Korea and the International Business Community

 

Paper for a meeting sponsored by Financial Times, September 8, 1977.

 

               The formal title of this conference might well have been "Korea in the International Business Community," for it is a community that is not external to us but of which we are very much a part; one that influences us and upon which we in turn exert a proportionate influence, as buyer, as seller, as trading and investment partner. It is a natural and very necessary relationship, and the very fact of your gathering here, at a meeting sponsored by an international economic journal of worldwide repute, is a measure not only of Korea's increasing significance, but of the increasing interdependence of the international business community of which we all are members.

Because Korea is your subject on this occasion, I would like first to summarize some of the major aspects of Korea's recent and projected development, and then relate that development to an issue that is of importance not only to Korea but the international economic community as a whole: the vital need for the continuing maintenance of free trade.

Korea's development to date-and that which it projects in the future-is not inward-looking but outward-looking. Obviously, however, for a nation to be able to adopt and effectively implement an outward-looking orientation, there must be something out there for it to orient itself to and integrate with.

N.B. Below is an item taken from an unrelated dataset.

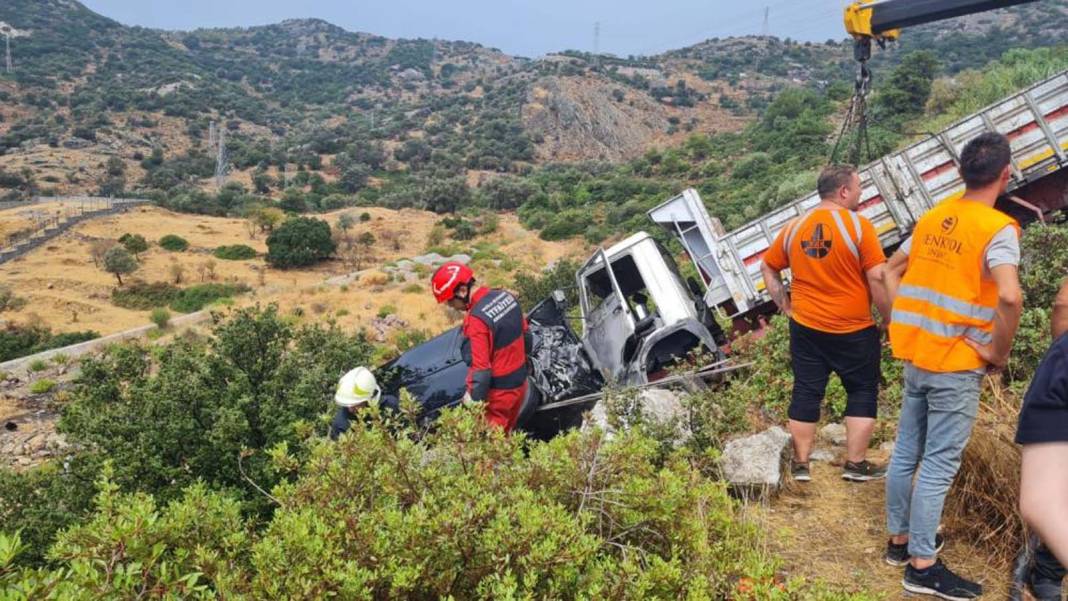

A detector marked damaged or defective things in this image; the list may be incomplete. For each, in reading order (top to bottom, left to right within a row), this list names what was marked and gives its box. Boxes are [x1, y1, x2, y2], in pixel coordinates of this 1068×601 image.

crashed truck [376, 69, 1068, 436]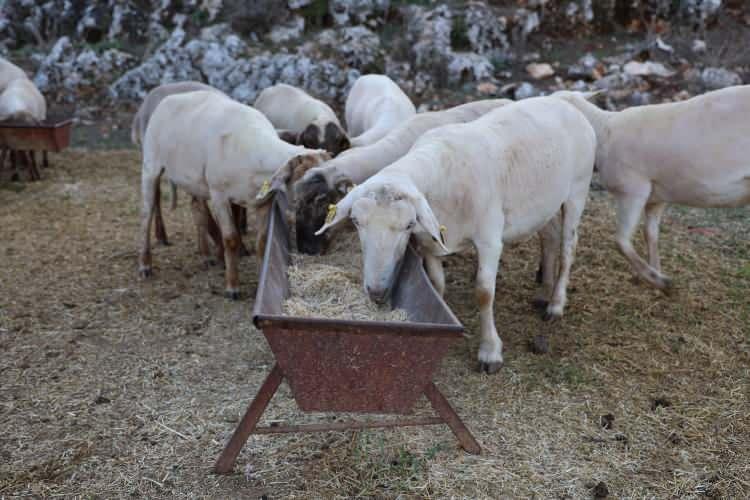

That essential something is a free trade environment. Free trade is essential for the healthy growth of the less-developed countries of the world. Insofar as we are sellers, we must have a healthy and growing market for our goods; insofar as we are buyers, we must earn the wherewithal to purchase what we need-and this we can do only in a world market that is receptive to our own products. "Have-not" nations may not offer inconvenient competition in the domestic markets of the developed countries, but they make very poor customers.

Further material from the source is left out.